High radiator fan speed and poor economy - E250 W212 - OM651, no codes

Page may contain affiliate links. Please see terms for details.

ScootScoot

New Member
Joined
Mar 20, 2023
Messages
5
Location
UK
Car
2015 E250CDI Estate
First post - hello to all.

My car is a 2015 E250 CDI estate, OM651 engine. It's covered 118,000 faultless miles (50k with me) and up until recently my daily commute gives me 54mpg (+/- 2mpg), which is stunning for a big car. No faults, ever. Religiously changed the oil and filter every 8k, changed the transmission fluid last July.

About 3 weeks ago, I noticed that the radiator fan was reaching a high speed after approx 30 seconds after ignition. Even from cold (at 2C or 3C outside temp), to be honest I didn't immediately notice the drop in economy. The indicated engine temp reaching it's standard 90C after about 15 mins of driving. I'm also pretty sure that one day it didn't spin the fan up at all during my 40 mile commute home. If I turn the engine off back to position 2, the fan stops. So it's not the 'constantly on' problem.
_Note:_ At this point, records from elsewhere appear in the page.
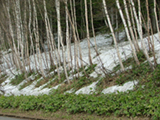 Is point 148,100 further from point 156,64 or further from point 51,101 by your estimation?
point 51,101

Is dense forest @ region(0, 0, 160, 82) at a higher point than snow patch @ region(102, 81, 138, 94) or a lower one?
higher

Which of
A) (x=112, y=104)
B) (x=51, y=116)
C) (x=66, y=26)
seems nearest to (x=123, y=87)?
(x=112, y=104)

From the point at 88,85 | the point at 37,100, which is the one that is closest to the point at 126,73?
the point at 88,85

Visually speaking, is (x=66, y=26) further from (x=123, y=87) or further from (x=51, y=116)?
(x=51, y=116)

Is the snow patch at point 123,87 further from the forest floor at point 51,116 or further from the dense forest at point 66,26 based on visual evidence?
the forest floor at point 51,116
I've read the existing threads about 'noisy fan' / 'radiator fan speed' and the AC Pressure Sensor fix. I'm hesitant to go there purely because of the drop in economy and wanted to ask opinion if you think that the overcooling from the fan is dropping the economy by not letting the engine reach it's economical temperature. Or that the fault is another sensor more related to fuelling, which in turn is signalling the ECU to a fail condition.

What I have noticed is that my MPG reading from cold is now starting at 14.1 MPG. I'm pretty anal when it comes to MPG, almost certain it never used to do this, leading me to think it's going into some limp mode condition although the engine power doesn't seem 'down'.

The relatively basic scanner I've got is a Launch CRP129 with up to date files, but I would have thought good enough to catch a code. There are no fault codes. The only 'live feed' mention of any error is in the EGR section. "Y85 EGR cooler bypass switchover valve Fault. 53336/6058" - this value changes to 'OFF' during driving. Other people have mentioned this but not in relation to a fan speed issue. I don't think this is anything.

So far, I've changed the coolant temperature sensor, original part from Merc. No change.

I took the car to my local diagnostic centre, in fact they passed the MOT the previous week when the car had the fault and we mentioned booking it in. The diagnosis was a faulty radiator fan controller, I've got this in writing on the bill. Purchased a Ridex fan shroud from Autodoc and fitted this myself, no change - just the same.

On the verge of calling the guy back and giving him a 2nd chance to diagnose, but hesitant due to his previous mis-diagnosis.

Thoughts? Apart from "god, that's a long post" ;-)
 
Interrogate live data for all the aircon and temperature sensors on the car. If you find wildly low, high or implausible values, you have found the place to look.

I had the low aircon pressure (turned out to be condenser leak) that causes the fan to come on after 10s every time.

My mate with an E250 has just had a similar fault, likes yours, and that was a broken/rubbed wire for one of the templates sensors, but not right next to the sensor. But the fault was found in the same way by looking at live data, as no fault codes.
 
What if full fan speed is sign of voltage problem. Have you checked all fuses, and groundings. What is battery voltage and charging voltage?
 
As you have found, this can be due to lots of things. I think you will save money and grief in the long run finding an Indy with Star who will no doubt be able to diagnose the fault. Parts are too expensive to hit and hope.
 
Appreciate those pointers guys, car is booked back in this week for a 2nd diagnostic session. Someone summised today, "Could the additional load of the fan running effect the fuel consumption?" Of course the answer is yes, it must to some degree, but by 10%, is that beyond a realistic suggestion?

The main battery hasn't been changed in my ownership, its most likely the original. I replaced the boot mounted battery in Nov 22.
 
Test: MPG drop caused by high fan speed. Before my commute this morning, disconnect radiator fan. Result: exactly the same MPG drop and odd behaviour with the MPG from start figures (starting at 14.1mpg and gradually indicating, 14.9 -> 16.x -> 18.x 0> 21.x over the next 3 to 4 miles. Previously, the car shows an initial 31.x MPG within a few hundred metres of leaving home, soon into mid 30's, 40's within 5 miles and into 50's for most trips. I can see the MPG drop big-style with any hint of a hill, levelling back out on a drop. Obviously that used to happen by 1 or 2 MPG, but the scale of drop is now dramatic, 5 or 6 MPG per hill.

Last week I did a full tank test, normally get 510 -> 530 miles (sometimes more), it's now doing 460.

Theory, whatever fault is causing the poor fuel consumption is also sending the ECU info suggesting that extra cooling is required.
 
Thank you grober, what an excellent document. If the orientation of the EGR unit is as per document, I may be able to partially inspect the vacuum section without taking too much off.